CA^2ST: Cross-Attention in Audio, Space, and Time for Holistic Video Recognition
Jongseo Lee, Joohyun Chang, Dongho Lee, Jinwoo Choi
TL;DR
This work tackles the challenge of balanced spatio-temporal understanding in video action recognition and seeks robust audio-visual integration without heavy pretraining. It introduces CAST, a two-stream Spatial and Temporal transformer with Bottleneck Cross-Attention that enables cross-exchange between space and time using only RGB input. It then extends CAST to CAVA (audio–visual fusion) and CA^2ST (three-expert fusion: audio, space, and time) to achieve holistic video understanding through cross-attention across all modalities. Across diverse datasets, CAST demonstrates balanced performance between spatial and temporal tasks, while CAVA and CA^2ST achieve strong audio-visual and cross-modal results with favorable efficiency, supported by thorough ablations and robustness analyses. The approach offers a modular, adapter-based framework that can serve as a drop-in backbone for spatio-temporal and multi-modal video understanding.
Abstract
We propose Cross-Attention in Audio, Space, and Time (CA^2ST), a transformer-based method for holistic video recognition. Recognizing actions in videos requires both spatial and temporal understanding, yet most existing models lack a balanced spatio-temporal understanding of videos. To address this, we propose a novel two-stream architecture, called Cross-Attention in Space and Time (CAST), using only RGB input. In each layer of CAST, Bottleneck Cross-Attention (B-CA) enables spatial and temporal experts to exchange information and make synergistic predictions.
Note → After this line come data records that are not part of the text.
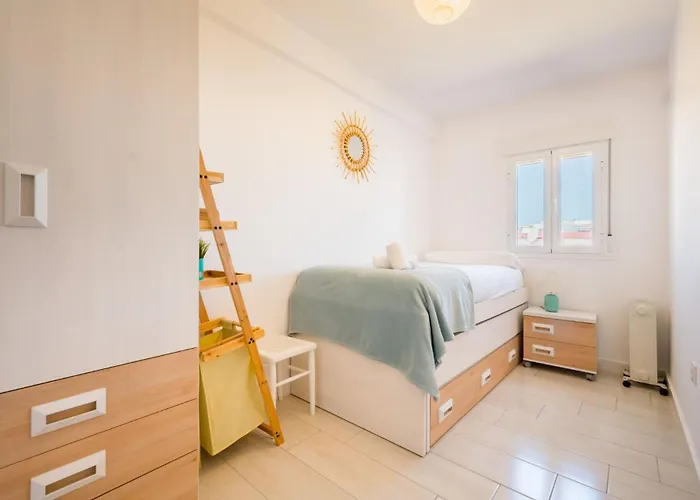 Apartment With Views - Triana - 3bd1bth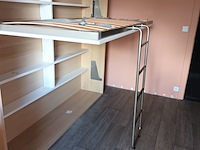 Lot 85 - wand met opklapbed - afbeelding 2 van  4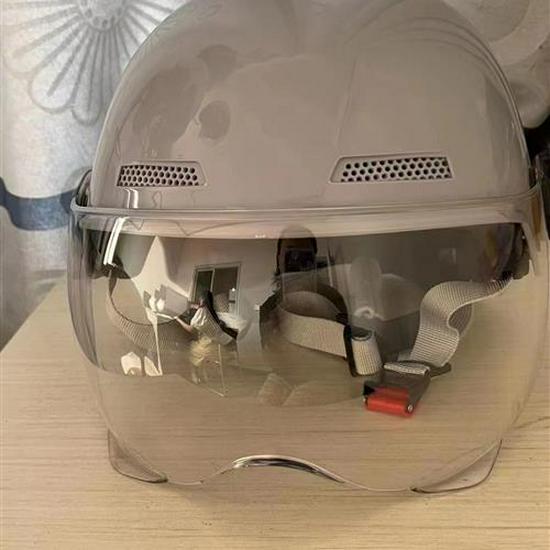 Frosted Four Seasons Electric Vehicle Safety Helmet - Lightweight, Thickened Half Helmet for Electric Bikes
For holistic video understanding, we extend CAST by integrating an audio expert, forming Cross-Attention in Visual and Audio (CAVA). We validate the CAST on benchmarks with different characteristics, EPIC-KITCHENS-100, Something-Something-V2, and Kinetics-400, consistently showing balanced performance. We also validate the CAVA on audio-visual action recognition benchmarks, including UCF-101, VGG-Sound, KineticsSound, and EPIC-SOUNDS. With a favorable performance of CAVA across these datasets, we demonstrate the effective information exchange among multiple experts within the B-CA module. In summary, CA^2ST combines CAST and CAVA by employing spatial, temporal, and audio experts through cross-attention, achieving balanced and holistic video understanding.